Research Interests: Inequality, Carcerality, Law & Society, Mass Incarceration, Juvenile Justice, Deviance, Race & Ethnicity, Life Course, Trauma, Social Psychology, Human Rights
Janna Huang is a fourth-year PhD candidate in Sociology at UC Berkeley and an editor for the Berkeley Journal of Sociology. Her dissertation asks: are the operating logics of “sustainable capitalism,” and how do these logics shape corporate governance and diffuse into everyday organizational action around climate change? Her work leverages a mixed-method approach, consisting of in-depth interviewing and quantitative analysis, to systematically conceptualize how elite players primarily responsible for climate crisis are deploying technological and governance strategies to shape our collective climate futures. Janna holds a B.S. in Computer Science with interdisciplinary honors in Science, Technology, and Society (STS) from Stanford University.

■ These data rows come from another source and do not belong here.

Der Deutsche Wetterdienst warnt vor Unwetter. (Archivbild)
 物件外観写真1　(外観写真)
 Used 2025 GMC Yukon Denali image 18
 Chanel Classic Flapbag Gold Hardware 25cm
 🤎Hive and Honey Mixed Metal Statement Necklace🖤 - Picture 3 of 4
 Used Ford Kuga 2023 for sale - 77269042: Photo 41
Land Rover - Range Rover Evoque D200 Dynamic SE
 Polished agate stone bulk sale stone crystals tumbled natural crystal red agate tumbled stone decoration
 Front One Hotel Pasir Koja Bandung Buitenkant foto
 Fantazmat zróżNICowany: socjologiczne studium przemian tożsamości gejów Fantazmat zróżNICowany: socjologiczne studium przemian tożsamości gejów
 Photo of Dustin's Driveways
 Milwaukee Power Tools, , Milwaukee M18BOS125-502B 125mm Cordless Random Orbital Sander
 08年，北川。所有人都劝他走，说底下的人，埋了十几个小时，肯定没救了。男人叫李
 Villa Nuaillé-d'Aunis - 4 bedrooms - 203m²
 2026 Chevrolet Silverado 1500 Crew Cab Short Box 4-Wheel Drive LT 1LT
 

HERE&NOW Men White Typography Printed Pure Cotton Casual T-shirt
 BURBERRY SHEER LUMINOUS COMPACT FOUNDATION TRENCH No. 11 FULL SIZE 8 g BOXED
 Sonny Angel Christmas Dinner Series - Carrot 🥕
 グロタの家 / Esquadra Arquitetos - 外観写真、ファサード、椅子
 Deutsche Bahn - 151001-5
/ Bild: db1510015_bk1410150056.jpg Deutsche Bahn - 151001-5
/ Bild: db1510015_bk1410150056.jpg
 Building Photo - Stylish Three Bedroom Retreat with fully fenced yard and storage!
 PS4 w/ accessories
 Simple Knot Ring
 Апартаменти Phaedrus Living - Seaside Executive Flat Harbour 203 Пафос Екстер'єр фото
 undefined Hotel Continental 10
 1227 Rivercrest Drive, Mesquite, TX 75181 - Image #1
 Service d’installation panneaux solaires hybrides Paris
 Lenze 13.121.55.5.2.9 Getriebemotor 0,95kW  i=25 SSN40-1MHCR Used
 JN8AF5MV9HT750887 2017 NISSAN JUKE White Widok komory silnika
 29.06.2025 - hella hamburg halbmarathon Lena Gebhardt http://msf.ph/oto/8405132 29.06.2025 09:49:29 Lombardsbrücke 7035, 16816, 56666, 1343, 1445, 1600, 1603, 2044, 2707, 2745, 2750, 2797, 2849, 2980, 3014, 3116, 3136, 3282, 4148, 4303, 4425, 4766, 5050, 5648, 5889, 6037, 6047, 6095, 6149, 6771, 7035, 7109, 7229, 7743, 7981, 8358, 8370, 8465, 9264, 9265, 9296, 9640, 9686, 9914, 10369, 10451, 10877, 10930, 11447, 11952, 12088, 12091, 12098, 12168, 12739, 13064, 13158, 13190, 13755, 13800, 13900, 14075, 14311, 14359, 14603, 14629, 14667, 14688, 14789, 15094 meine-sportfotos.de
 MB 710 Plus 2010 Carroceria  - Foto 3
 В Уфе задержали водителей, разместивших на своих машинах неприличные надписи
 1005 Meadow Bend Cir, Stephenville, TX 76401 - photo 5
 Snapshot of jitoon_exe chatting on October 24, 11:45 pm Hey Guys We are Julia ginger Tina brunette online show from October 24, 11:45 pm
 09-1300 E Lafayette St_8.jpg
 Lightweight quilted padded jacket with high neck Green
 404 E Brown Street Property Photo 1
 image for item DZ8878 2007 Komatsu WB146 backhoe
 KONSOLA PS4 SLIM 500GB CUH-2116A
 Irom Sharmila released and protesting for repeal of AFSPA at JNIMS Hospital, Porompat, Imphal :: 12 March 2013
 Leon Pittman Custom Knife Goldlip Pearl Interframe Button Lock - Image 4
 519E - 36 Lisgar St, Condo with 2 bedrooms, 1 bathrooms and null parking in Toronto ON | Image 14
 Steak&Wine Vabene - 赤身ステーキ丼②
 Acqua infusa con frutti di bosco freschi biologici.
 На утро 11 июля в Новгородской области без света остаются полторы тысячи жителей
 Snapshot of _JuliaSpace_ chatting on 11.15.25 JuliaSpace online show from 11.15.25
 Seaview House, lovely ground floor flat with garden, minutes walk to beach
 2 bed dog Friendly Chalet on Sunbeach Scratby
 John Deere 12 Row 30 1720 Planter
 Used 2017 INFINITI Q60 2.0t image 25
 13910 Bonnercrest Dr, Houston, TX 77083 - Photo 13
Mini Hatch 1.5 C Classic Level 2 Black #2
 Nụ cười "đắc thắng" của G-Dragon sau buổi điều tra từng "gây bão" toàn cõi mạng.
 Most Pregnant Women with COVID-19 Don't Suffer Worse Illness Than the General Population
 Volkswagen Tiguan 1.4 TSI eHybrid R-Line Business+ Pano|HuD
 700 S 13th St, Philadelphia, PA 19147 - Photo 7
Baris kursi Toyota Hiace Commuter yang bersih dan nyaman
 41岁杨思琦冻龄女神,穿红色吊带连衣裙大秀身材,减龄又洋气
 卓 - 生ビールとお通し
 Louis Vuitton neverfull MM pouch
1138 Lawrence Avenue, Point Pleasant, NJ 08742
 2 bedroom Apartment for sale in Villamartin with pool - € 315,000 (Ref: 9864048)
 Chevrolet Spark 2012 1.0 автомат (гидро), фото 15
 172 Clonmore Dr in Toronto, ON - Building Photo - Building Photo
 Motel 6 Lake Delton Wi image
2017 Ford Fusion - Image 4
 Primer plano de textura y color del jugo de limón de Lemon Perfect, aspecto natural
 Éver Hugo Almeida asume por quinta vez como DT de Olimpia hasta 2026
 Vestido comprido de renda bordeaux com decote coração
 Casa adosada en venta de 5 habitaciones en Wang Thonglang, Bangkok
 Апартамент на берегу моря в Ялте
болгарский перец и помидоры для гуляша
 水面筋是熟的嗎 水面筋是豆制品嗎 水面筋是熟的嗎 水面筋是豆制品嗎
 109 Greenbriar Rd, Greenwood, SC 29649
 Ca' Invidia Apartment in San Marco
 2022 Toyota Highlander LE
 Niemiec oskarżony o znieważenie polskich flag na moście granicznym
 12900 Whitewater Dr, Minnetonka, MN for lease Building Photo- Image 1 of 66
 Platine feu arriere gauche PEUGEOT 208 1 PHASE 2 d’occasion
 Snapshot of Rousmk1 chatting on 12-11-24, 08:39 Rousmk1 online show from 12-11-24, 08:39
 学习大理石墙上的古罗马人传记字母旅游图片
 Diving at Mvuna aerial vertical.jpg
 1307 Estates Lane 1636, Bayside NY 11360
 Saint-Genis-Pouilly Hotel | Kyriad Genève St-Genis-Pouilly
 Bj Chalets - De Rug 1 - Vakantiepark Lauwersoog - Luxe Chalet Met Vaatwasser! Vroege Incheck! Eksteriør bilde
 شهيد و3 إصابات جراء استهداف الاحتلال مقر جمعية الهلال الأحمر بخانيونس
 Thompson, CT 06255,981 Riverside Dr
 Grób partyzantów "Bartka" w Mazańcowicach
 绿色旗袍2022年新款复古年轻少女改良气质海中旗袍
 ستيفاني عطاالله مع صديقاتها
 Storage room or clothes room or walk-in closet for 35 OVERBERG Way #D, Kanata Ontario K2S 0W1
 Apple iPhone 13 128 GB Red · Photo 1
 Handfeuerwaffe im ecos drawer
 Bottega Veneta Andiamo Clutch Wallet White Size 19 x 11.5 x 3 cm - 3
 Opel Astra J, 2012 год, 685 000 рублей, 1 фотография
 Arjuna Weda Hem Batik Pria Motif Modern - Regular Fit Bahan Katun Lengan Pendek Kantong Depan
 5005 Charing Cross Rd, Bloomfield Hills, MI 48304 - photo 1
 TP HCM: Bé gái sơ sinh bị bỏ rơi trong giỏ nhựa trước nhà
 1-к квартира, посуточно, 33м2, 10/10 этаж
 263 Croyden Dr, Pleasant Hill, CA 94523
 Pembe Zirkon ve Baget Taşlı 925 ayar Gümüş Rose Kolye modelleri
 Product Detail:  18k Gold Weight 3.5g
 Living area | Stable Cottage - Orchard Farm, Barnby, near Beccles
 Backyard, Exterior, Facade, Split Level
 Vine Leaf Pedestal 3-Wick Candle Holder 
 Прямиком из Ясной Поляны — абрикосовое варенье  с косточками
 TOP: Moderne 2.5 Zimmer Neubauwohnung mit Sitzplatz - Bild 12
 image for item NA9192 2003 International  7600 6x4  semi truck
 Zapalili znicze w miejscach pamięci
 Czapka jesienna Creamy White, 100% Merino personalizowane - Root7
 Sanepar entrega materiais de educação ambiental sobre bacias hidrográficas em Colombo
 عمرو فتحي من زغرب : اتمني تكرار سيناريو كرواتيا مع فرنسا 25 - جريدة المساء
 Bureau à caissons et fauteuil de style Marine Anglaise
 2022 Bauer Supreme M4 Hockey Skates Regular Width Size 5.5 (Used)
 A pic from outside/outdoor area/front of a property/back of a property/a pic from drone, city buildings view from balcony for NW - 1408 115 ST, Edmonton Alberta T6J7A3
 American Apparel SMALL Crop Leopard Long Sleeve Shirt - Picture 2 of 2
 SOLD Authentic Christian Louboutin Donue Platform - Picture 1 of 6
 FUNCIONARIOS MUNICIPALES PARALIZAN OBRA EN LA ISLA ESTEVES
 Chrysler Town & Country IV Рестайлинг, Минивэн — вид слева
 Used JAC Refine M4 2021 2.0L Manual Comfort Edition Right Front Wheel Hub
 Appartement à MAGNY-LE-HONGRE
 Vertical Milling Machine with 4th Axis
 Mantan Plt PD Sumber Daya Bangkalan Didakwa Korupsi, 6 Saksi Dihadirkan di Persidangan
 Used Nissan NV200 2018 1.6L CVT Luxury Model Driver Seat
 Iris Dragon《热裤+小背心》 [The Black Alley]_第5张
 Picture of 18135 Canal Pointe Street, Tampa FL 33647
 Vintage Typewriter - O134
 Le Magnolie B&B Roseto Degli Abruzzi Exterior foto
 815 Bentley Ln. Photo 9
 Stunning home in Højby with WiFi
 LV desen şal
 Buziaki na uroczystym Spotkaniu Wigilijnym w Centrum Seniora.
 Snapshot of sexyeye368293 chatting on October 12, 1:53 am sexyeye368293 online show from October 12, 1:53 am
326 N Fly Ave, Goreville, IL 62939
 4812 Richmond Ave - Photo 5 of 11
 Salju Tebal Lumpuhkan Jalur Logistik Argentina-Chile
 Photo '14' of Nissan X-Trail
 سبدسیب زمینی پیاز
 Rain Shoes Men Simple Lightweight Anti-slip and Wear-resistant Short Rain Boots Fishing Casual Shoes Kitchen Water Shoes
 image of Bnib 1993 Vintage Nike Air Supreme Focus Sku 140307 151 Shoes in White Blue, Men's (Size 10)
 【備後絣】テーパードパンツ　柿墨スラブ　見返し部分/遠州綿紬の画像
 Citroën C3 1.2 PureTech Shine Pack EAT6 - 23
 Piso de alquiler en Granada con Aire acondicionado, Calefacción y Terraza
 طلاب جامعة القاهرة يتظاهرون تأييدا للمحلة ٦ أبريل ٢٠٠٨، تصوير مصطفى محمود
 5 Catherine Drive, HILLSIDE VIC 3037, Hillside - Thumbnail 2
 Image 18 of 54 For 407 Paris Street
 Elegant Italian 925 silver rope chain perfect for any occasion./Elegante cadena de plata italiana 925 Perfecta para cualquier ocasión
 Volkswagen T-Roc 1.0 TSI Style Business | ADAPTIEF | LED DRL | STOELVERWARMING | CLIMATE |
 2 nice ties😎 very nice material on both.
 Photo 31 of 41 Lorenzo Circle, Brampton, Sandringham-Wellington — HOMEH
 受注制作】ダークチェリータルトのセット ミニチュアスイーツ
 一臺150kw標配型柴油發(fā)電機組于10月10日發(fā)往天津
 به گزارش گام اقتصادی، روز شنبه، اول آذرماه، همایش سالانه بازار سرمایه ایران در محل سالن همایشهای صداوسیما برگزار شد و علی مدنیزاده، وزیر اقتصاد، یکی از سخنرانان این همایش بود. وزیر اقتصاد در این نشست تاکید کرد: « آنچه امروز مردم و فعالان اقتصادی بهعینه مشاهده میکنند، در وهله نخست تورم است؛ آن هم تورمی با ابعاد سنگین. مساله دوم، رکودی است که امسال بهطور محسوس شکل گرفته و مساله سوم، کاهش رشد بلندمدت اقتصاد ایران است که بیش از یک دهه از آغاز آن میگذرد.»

Research Interests: Science and Technology Studies, Knowledge, Economic Sociology, Environmental Sociology
Editorial Board
Prashasti Bhatnagar, Esq., M.P.H. (she/her) is a public health attorney, a Ph.D. student and Eugene V. Cota-Robles Fellow at UCLA, and a Board Director for the Midwest Immigration Bond Fund. Her work is focused on exploring and implementing community-led interventions rooted in health justice, carceral & border abolition, and liberation. Born and raised in New Delhi, India, Prashasti received her J.D. from Georgetown University Law Center; M.P.H. from Johns Hopkins Bloomberg School of Public Health, as a Sommer Scholar, with a Certificate in Health Disparities and Health Inequalities; and B.S. in Sociology, summa cum laude from University of Minnesota, Twin Cities. She is admitted to practice law in the District of Columbia.
Research Interests: Immigration; Health justice; Sociology of law; Abolition
Summer Lopez Colorado is a sixth year doctoral candidate, NSF Graduate Research Fellow, educator, and artist studying in the Department of Sociology at UCLA. Their work primarily centers analyses of gendered-racialization of women of color in the U.S., examining the reproduction of overlapping forms of structural domination and strategies of resistance. Summer’s dissertation project utilizes critical qualitative journey mapping to explore mobility, gender ethnic identity, and kinship-building among Latinas with bachelor’s degrees. Her previous work examining disability and sex workers’ experiences with the carceral system is to be featured in the book Sex Work Today published by NYU Press (forthcoming November 2024). In the Los Angeles community, she is an organizer and singer for Fired Up: Community Ceasefire Choir and a member of Anti-Capitalism for Artists. She holds a B.A. in sociology, cum laude from Cornell University.
Research Interests: Race, Gender, and Class; Inequality/Mobility; Education; Disability in Society
Cathy Hu is a PhD student in the Department of Sociology at the University of California, Berkeley. Her work sits at the intersection of punishment and society, social movements, and political sociology. Currently, she is working on an ethnographic and interview project examining criminal justice activism in the Bay Area. The project focuses on the county criminal court as a new site of intervention for social movements from across the political spectrum. Before starting at Berkeley, Cathy worked as a research analyst at the Urban Institute’s Justice Policy Center and received a BA in Sociology from Rice University.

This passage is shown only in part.